Alberto Burri Retrospective: The Trauma of Painting

December 20, 2016

Alberto Burri’s (1915-1995) retrospective presented at the Guggenheim Museum in New York is his first American exhibition in over 35 years. Winding up the Frank Lloyd Wright building, Burri unveils a variety of his experiences through his works. The show is comprehensive and well curated. The viewer is exposed to a general understanding of the artist (exposing all ten of his various series’ made) as well as a tour-de-force of his masterpieces in one location. The Guggenheim is an ideal place to travel around the world of Alberto Burri.

The artist is best recognized for his Sacchi (sacks) series made of sown pieces of burlap bags, often with parts of old cloth added. However, it becomes quickly evident that his other series’ are just as strong and deserve equal recognition. Catrami (tars), Muffe (molds), Gobbi (hunchbacks), Bianchi (white), Legni (woods), Ferri (irons), Combustini Plastiche (plastic combustions) Cretti and Cellotex works all display tactile examples of the artist’s clear vision and recognizable style regardless of medium. The exhibition displays his earliest works from the postwar period made in the late 1940’s up until his latest ones from the 1990’s. Furthermore, on the top floor of this magnificent spiraling exhibition is a video installation of his architectural sculpture Cretto.

Burri began this project in the city of Gibellina in Sicily during the 1980’s in response to an earthquake that devastated the locale in 1968. Juxtaposing his Cretti work next to this video was quite appropriate. One can see the relation of these craquelure paintings with his memorial/land art Grande Cretto. The paintings were made by mixing resin with pigments and polyvinyl acetate to create an effect of destructing paint or dried up desert lake. For his project in Gibellina (invited by the mayor) “Burri instead envisioned an architectural sculpture that would cover the ruins and represent both the seismic disaster and the destroyed urban plan.” (exhibition notes). He transformed the city’s ruins into a monumental white cemented surface – Cretto. Burri refers to his Cretti paintings (1970’s) as “the energy of the surface” and his final work, Cretto is amomento mori (a dead moment). It maintains the energy of the destruction from the earthquake.

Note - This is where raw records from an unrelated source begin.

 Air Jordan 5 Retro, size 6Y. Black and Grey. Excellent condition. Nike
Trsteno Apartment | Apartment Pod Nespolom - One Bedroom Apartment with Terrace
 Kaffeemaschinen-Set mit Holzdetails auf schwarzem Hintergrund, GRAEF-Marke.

Although the show was curated chronologically, the viewer has the option early on to detour into a side room and get lost in a web of perpetual combustion. As Burri calls them, paintings combustion puts forth a magnificent experience for the viewer to absorb and reflect what is to come. In that first room three paintings from the Combustini Plastiche (plastic combustions) series are impressively displayed. His process of burning and melting plastic resembles colorless monochrome canvases. The distinction between front and back, inside and out, solid or empty space can be confused.

Through this exhibition one can clearly understand why Burri was seen as a father figure to Arte Povera – bridging the gap between art and life, nature and culture. This movement emerged in Italy in the 1960’s. The term Arte Povera was defined from curator and art critic Germano Celant in 1967. The use of commonplace, and “poor” materials are expressions of this movement. For Burri, wood, steel, plastic, and burlap sacks are all predominant mediums. Wood combustion is visible in Combustione Legno (1957), in Ferro SP iron is the material used (1961), Sacking in Red fuses sacking with vivid red pigment (1954) and red plastic in Rosso Plastca (1961). These examples reflect the nature of Arte Povera.

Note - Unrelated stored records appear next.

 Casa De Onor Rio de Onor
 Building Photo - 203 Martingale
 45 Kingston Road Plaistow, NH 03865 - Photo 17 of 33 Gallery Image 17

World War II had a devastating and momentous effect on the whole world during this time. Burri was clearly no different. A physician during the war, Burri resolved to painting as an outlet for past trauma. His work seemingly reflects these experiences. His art reveals a nuanced pattern of pieces creating a whole. Some of his work repairs while others seem to separate. All of his works are incredibly tactile. With his various techniques of burning, sowing, stitching, tearing, or layering, Burri questions and challenges the conventional notion of painting. One immediately notices his palette of colors; rust or red resembles the earth or blood from war, brown like the dirt or black as the tar on the streets. We live in a rough unforgiving world and his color, medium selections and processes reflect this reality.

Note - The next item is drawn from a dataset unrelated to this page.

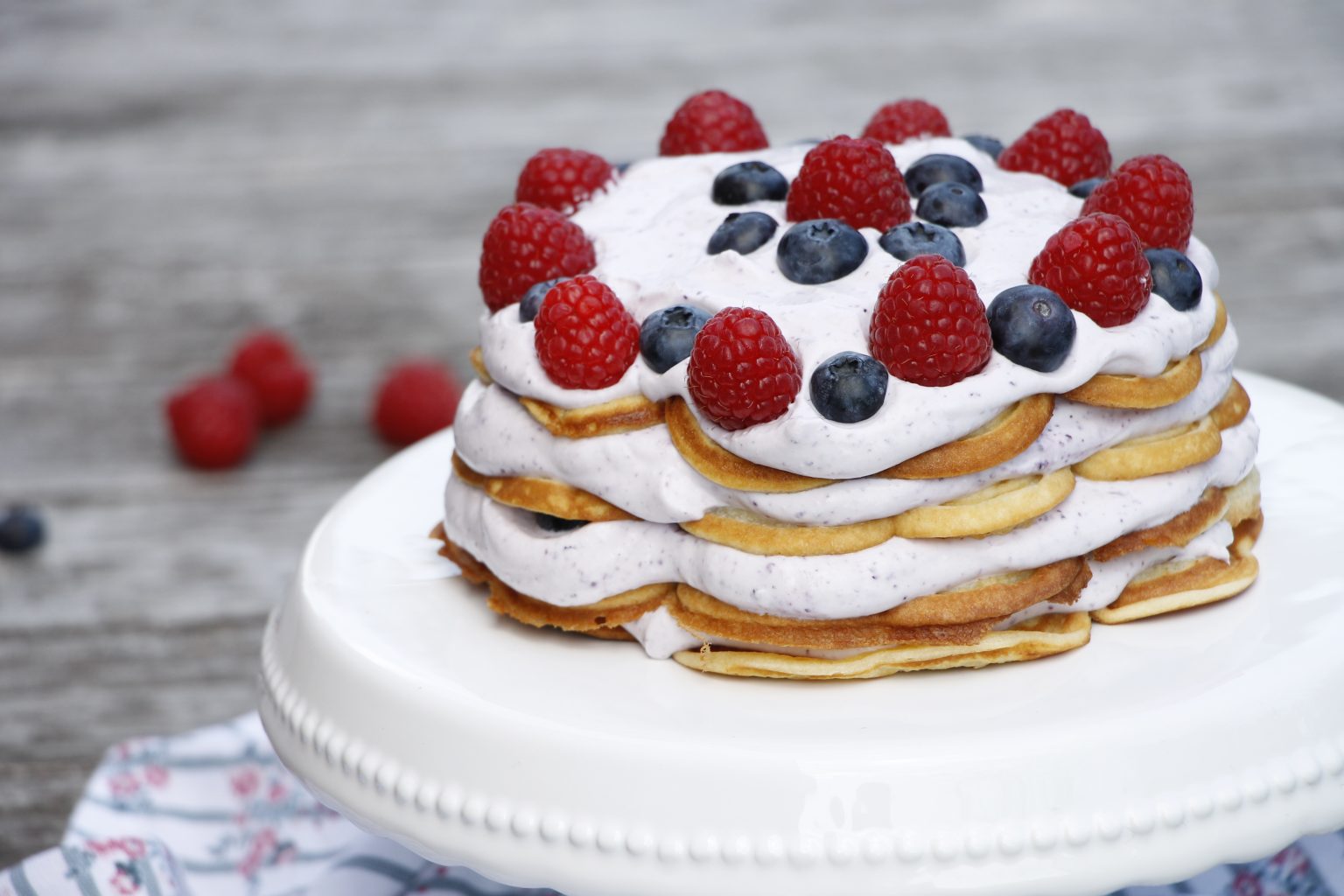 Waffeltorte mit Himbeeren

The artist was named the “artist of wombs”. This label may have an initial reaction or feeling of repulsion towards his work. However, as one takes time observing and absorbing his pictures, one may feel drawn by the work and skills involved. In the pursuit of understanding through art, Burri contributes through bringing awareness and highlighting certain events or elements of importance that can speak to each individual in its own way. Perhaps revisiting the exhibition will reveal more depth to his work. There is a sense of realization and consciousness in his work.